I am about to write my blog post for week 4 which incorporates both parts of judgement and decision making under risk and uncertainty. I write this entry now as personal reasons have made me absent from weeks 4 and 5. So I have catching up to do, I will also discuss framing as it is the topic for week 5:
Decision making under risk and uncertainty is an area which fascinates me. I have even chosen it as my dissertation topic for this year. Part of my interest is due to the way in which people have responded to the problem questions and how they show our day to day decisions to be based on things other than rationality. It should come as no surprise that expected value theory has come under such criticism; it is after all a rather simple theory and it assumes we all place the same value to things. But, even if you were to look at things subjectively, like expected utility theory does, the choices we make don't seem to reflect those predicted by the theory. We seem to be risk averse when out comes are gains and the other way round when outcomes are loses. Furthermore the Allais paradox shows, along with other research which shows that people don't follow the axioms suggested by expected utility theory, that this is not a plausible theory.
If I am going to be honest prospect theory seemed to me a simple evolution of expected utility theory that tried to describe our pattern of decision making rather than explaining it. There are two things about this theory which I did like and thought useful. One is the weighing function and the other was framing. I suppose that framing was the most interesting part when reading through the literature. The implications extend from marketing to politics to professional decision making. I found fascinating that someone can change their mind on a decision simply because a problem has been worded differently. Knowing how to frame properly can lead to making people choose the option that you want.

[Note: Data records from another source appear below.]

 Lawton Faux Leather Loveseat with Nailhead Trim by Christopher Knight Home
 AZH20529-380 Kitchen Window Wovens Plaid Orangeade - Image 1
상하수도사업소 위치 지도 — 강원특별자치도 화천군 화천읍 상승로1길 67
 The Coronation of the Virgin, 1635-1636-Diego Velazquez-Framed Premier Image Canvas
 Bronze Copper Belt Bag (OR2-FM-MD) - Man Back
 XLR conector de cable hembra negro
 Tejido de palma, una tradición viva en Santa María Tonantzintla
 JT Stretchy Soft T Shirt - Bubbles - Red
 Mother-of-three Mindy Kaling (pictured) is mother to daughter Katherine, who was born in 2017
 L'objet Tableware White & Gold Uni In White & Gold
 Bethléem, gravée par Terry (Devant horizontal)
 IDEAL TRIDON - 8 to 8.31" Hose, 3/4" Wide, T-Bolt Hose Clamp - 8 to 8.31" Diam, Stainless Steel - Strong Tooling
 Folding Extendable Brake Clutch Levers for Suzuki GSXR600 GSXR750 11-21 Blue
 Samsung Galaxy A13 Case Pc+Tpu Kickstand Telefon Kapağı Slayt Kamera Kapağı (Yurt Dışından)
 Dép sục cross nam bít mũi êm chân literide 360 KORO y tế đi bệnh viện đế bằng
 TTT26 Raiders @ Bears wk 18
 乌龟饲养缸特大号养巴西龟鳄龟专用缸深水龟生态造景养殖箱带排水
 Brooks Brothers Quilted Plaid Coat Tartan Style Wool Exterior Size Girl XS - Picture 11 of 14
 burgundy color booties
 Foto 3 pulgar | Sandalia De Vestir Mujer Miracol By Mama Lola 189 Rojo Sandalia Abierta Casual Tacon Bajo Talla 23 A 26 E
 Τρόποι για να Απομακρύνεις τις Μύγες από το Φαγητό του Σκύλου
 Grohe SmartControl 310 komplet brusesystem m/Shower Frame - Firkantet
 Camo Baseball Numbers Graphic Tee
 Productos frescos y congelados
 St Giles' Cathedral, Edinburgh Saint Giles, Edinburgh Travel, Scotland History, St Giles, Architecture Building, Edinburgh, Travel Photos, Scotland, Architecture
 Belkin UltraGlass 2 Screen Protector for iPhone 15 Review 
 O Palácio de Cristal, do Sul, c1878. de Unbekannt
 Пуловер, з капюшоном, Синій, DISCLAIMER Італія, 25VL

I found the neuroscience section of this topic was interesting but not something which I wanted to pursue in more detail; far too biological for my liking. Support theory, however, I did like. To me it seems to have more face value and explain our decision making patterns in a way that seemed to make sense. We must automatically asses our chances and take the course of action that seems logical and in some primitive cases life saving. It also seems more useful as throughout our day to day life we do not come across certain probabilities so we asses our own.
And finally, priority theory seemed to me like a mathematical equation and not much like a person would actually think. However I could be proven wrong. If you place this equation to previous problems in other studies then most of the time it works. Maybe the reason I am displeased with it is because I am (like the judges we have discussed in previous sessions) uncomfortable with the idea that mathematical equations could be so predicting of our behaviour.
Isn't the priority heuristic actually a less "mathematical" approach than utility theory or prospect theory? Those theories involve the integration of probabilities and utilities, whereas the point about the priority heuristic is that no such integration occurs.
ReplyDeleteHowever, I'm putting "mathematical" in scare quotes there, as I don't really think one approach is more mathematical than the other. Mathematics is simply a language in which lawful relationships are described, so just about everything is mathematical in that sense. However, that doesn't mean that people are consciously working out the maths when they're making decisions. Prospect theory doesn't claim that people are consciously working out expected (prospect theory) values and the priority heuristic doesn't claim that people are consciously applying the rules that they theory proposes.